A radio base station, comprising: a scheduler that performs transmission assignment control based on the corrected feedback report value.

[2] The radio base station according to claim 1, wherein the correction unit corrects an elapsed time from a feedback report with a moving speed of the mobile station.

[3] The radio base station according to claim 3, wherein the correction unit corrects the elapsed time of a user whose movement speed is fast to be longer than the actual time.

[4] A speed detector for detecting a moving speed of the mobile station,

The radio base station according to claim 3, further comprising:

[5] The radio base station according to claim 3, wherein the radio base station receives movement speed information from the mobile station.

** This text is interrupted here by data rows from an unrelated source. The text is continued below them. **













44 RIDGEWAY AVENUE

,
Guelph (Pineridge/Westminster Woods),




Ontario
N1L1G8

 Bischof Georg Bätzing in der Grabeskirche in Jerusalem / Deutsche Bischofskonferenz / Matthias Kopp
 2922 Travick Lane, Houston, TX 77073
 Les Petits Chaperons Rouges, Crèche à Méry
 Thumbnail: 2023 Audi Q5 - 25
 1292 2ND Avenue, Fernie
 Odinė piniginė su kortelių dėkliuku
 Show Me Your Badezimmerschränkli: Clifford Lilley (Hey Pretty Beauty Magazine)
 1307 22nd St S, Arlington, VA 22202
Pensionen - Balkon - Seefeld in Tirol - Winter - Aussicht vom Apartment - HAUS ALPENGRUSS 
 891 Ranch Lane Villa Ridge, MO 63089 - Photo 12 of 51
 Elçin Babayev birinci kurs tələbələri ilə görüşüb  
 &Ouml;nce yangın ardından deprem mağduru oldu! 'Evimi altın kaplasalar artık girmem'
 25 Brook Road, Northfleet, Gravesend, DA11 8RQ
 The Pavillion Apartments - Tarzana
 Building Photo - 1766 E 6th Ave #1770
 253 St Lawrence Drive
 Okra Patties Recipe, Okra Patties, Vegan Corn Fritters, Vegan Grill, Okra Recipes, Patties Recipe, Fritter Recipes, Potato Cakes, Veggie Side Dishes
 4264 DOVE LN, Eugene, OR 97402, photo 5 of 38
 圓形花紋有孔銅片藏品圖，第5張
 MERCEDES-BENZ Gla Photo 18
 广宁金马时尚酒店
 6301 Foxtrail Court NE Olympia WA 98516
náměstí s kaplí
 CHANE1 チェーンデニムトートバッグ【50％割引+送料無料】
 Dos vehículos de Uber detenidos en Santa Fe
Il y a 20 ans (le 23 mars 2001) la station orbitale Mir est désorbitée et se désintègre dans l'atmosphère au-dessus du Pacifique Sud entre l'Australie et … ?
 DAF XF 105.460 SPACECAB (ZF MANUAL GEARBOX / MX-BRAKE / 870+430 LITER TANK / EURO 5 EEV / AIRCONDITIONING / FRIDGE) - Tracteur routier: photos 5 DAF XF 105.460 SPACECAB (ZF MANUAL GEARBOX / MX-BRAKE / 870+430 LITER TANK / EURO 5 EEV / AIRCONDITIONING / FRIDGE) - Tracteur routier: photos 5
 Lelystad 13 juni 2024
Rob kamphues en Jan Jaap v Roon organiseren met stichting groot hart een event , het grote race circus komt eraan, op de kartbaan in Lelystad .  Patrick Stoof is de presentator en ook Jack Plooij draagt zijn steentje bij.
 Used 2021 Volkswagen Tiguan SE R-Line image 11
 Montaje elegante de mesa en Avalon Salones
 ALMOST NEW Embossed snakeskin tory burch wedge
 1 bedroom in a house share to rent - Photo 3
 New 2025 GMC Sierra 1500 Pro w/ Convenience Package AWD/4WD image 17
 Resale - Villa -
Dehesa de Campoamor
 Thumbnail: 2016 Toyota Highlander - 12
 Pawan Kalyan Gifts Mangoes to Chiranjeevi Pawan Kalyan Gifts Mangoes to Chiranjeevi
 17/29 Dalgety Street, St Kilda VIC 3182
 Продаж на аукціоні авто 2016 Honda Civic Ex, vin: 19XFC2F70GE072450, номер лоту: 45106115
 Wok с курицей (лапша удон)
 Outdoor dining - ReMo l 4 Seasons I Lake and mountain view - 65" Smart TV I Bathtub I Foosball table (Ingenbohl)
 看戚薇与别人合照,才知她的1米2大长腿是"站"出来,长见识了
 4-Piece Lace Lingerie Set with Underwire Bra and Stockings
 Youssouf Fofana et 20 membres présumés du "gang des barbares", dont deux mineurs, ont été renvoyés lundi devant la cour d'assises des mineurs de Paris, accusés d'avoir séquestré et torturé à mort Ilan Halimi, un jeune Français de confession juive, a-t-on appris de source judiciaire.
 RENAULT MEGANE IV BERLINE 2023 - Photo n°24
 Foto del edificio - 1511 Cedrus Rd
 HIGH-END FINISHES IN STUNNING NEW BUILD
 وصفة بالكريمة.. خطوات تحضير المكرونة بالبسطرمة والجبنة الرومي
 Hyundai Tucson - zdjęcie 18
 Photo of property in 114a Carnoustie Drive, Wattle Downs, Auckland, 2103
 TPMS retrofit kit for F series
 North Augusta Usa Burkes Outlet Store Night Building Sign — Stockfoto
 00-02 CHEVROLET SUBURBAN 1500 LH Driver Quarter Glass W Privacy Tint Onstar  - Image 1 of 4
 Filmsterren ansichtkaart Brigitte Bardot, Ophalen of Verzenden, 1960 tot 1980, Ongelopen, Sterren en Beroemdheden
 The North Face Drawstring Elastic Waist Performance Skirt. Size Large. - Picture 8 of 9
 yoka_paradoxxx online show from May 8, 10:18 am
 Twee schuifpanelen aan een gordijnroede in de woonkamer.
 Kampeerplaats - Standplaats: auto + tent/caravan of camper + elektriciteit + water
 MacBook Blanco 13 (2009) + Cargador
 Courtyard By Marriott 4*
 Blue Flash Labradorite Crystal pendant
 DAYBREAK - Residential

6. The scheduler according to claim 1, wherein the scheduler controls at least one of a transmission priority among a plurality of users and a link adaptation parameter based on the corrected feedback report value. Wireless base station.

7. The scheduler according to claim 1, wherein the scheduler performs transmission control based on the corrected feedback report so that the code rate increases as the elapsed time of the feedback report increases. Radio base station.

8. The scheduler according to claim 1, wherein the scheduler performs transmission control based on the corrected feedback report so that the modulation method uses a lower number of multi-values as the elapsed time from the feedback report becomes longer. Wireless base station.

[9] The radio base station according to claim 1, wherein the scheduler performs transmission control based on the corrected feedback report so that the transmission power is increased as the elapsed time of the feedback report becomes longer. Bureau.

[10] The scheduler determines a feedback report based on the corrected feedback report. 2. The radio base station according to claim 1, wherein control is performed so as to increase a transmission priority of a user whose elapsed time has been short since notification.

Receive a downlink feedback report from the mobile station,

Correct the received feedback report value so that it decreases with the elapsed time since the report,

A transmission control method comprising a step of performing transmission control to the mobile station based on the corrected feedback report.